“Quindici titoli, trent’anni di cinema, e un altro film sulla famiglia”, ovvero Pare parecchio Parigi. Leonardo Pieraccioni rincara la dose della commedia italiana, firmando il soggetto con Filippo Bologna e la sceneggiatura con Alessandro Riccio e recitando con Chiara Francini, Giulia Bevilacqua e Nino Frassica. La storia si ispira a “Michele e Gianni Bugli che nel 1982 partirono con il padre malato in roulotte e gli fecero credere di essere arrivati a Parigi. Viaggiarono non uscendo quasi mai dal loro podere. Il film è dedicato a loro. E a tutti i sognatori”.

Nella traduzione cinematografica, per esaudire il desiderio insoddisfatto del padre (Frassica) moribondo di un viaggio di famiglia a Parigi, i figli (Pieraccioni, Francini, Bevilacqua) che non si parlano da cinque anni fingono di partire con lui da Firenze alla volta della Ville Lumière:  in realtà, il camper non valicherà mai i confini di un maneggio.

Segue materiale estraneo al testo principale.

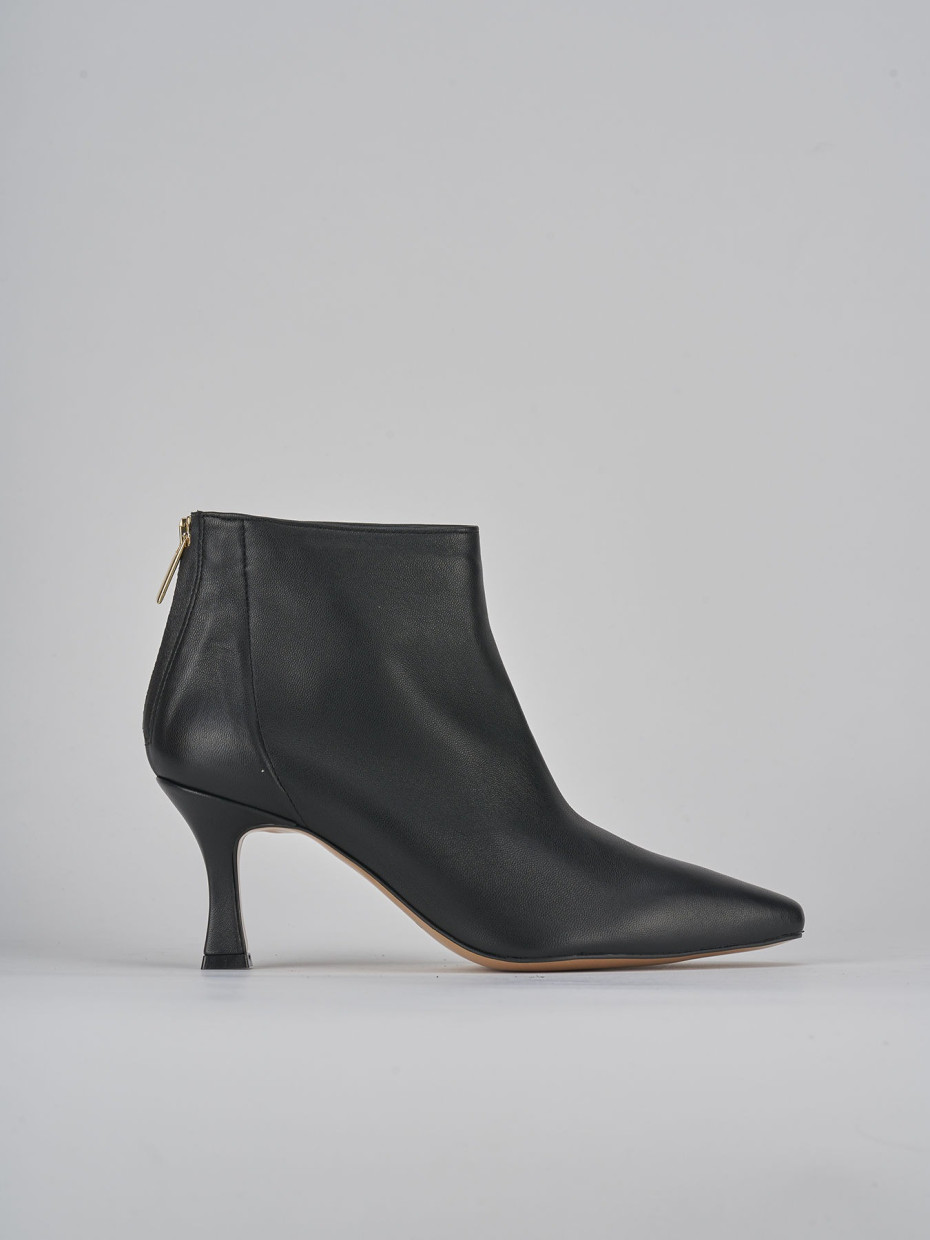 High heel ankle boots heel 7 cm black leather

Siamo alle solite, ma solo parzialmente: Pieraccioni è meno comico e più – registro, lessico e formato – familiare, piegandosi all’andazzo anti-ilare del nostro cinema o, meglio, del pubblico italiano ultimo scorso.

Non ci sono più fuochi d’artificio, tantomeno cicloni, ma una fattura dignitosa, una commedia sulla retta, invero circolare, via, che chiede agli interpreti – il professor Frassica allettato, Francini con toyboy d’ordinanza e trivio a intermittenza, Bevilacqua al coming out – di imbastardire la finzione con vissuti larghi e immedesimabili e a Pieraccioni di fare un passo di lato, dismettendo i panni e le trombette del capocomico.

La cosa migliore rimane il soggetto - che grandi quei fratelli Bugli! – ma il tono non è nocivo, e Pare parecchio Parigi, bella allitterazione, si fa guardare senza crisi di rigetto. Non è così poco.